* _Source material_
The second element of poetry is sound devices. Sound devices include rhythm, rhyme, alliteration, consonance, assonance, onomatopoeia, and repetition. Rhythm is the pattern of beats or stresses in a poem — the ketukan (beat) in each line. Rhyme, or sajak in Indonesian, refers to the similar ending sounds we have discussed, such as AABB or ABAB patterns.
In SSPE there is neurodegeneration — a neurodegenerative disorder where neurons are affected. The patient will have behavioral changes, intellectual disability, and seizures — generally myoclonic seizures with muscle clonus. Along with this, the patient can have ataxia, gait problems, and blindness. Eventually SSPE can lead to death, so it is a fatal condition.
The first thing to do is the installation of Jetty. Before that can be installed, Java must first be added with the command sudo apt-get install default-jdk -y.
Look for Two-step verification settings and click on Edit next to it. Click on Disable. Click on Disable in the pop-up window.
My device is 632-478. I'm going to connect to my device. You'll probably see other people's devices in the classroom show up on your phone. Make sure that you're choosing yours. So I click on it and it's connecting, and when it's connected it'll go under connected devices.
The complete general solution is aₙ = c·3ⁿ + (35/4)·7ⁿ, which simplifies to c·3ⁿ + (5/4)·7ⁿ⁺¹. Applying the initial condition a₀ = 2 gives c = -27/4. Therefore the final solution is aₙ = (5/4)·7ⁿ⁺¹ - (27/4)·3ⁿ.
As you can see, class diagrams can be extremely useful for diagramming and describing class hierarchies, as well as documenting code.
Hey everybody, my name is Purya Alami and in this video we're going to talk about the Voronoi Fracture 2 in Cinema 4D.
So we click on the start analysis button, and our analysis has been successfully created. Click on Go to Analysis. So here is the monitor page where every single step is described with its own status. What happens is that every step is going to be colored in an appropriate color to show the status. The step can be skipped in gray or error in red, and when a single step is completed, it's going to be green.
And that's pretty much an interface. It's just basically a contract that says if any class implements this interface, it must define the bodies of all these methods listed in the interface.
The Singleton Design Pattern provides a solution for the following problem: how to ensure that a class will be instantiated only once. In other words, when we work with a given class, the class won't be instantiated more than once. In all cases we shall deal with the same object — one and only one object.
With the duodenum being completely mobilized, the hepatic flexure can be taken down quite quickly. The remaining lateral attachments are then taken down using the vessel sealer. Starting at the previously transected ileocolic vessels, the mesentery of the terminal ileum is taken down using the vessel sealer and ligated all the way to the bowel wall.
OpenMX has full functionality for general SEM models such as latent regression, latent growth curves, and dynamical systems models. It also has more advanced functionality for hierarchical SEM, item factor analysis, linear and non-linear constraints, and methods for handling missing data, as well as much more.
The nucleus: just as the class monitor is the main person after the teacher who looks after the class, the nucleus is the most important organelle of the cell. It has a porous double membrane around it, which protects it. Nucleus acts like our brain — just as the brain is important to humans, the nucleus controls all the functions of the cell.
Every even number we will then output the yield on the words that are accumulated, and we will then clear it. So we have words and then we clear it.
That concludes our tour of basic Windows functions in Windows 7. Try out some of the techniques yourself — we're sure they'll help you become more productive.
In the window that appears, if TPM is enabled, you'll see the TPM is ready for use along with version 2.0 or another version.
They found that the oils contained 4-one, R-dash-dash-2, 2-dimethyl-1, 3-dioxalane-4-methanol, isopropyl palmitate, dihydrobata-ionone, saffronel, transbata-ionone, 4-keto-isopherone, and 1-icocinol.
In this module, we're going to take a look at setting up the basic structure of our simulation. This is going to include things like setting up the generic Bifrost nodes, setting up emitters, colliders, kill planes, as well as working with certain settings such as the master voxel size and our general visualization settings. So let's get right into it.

* _Task statement_
Output only the lines from the one containing "That concludes our" through the end of the material, please, exactly as they appear.

* _Output for this exercise_
That concludes our tour of basic Windows functions in Windows 7. Try out some of the techniques yourself — we're sure they'll help you become more productive.
In the window that appears, if TPM is enabled, you'll see the TPM is ready for use along with version 2.0 or another version.
They found that the oils contained 4-one, R-dash-dash-2, 2-dimethyl-1, 3-dioxalane-4-methanol, isopropyl palmitate, dihydrobata-ionone, saffronel, transbata-ionone, 4-keto-isopherone, and 1-icocinol.
In this module, we're going to take a look at setting up the basic structure of our simulation. This is going to include things like setting up the generic Bifrost nodes, setting up emitters, colliders, kill planes, as well as working with certain settings such as the master voxel size and our general visualization settings. So let's get right into it.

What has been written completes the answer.